WHAT YOU HAVE TO DO
Check every line of the entries for "with", and copy the lines that hold it.
BEGIN DATA LISTING
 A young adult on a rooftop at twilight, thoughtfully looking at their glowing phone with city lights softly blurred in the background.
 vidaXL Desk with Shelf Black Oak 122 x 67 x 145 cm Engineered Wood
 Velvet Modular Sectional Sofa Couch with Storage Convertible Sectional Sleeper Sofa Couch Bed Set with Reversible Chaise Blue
END DATA LISTING
BEGIN DATA LISTING
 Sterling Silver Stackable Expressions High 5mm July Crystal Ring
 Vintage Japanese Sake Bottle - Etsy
END DATA LISTING
ANSWER SPACE
 A young adult on a rooftop at twilight, thoughtfully looking at their glowing phone with city lights softly blurred in the background.
 vidaXL Desk with Shelf Black Oak 122 x 67 x 145 cm Engineered Wood
 Velvet Modular Sectional Sofa Couch with Storage Convertible Sectional Sleeper Sofa Couch Bed Set with Reversible Chaise Blue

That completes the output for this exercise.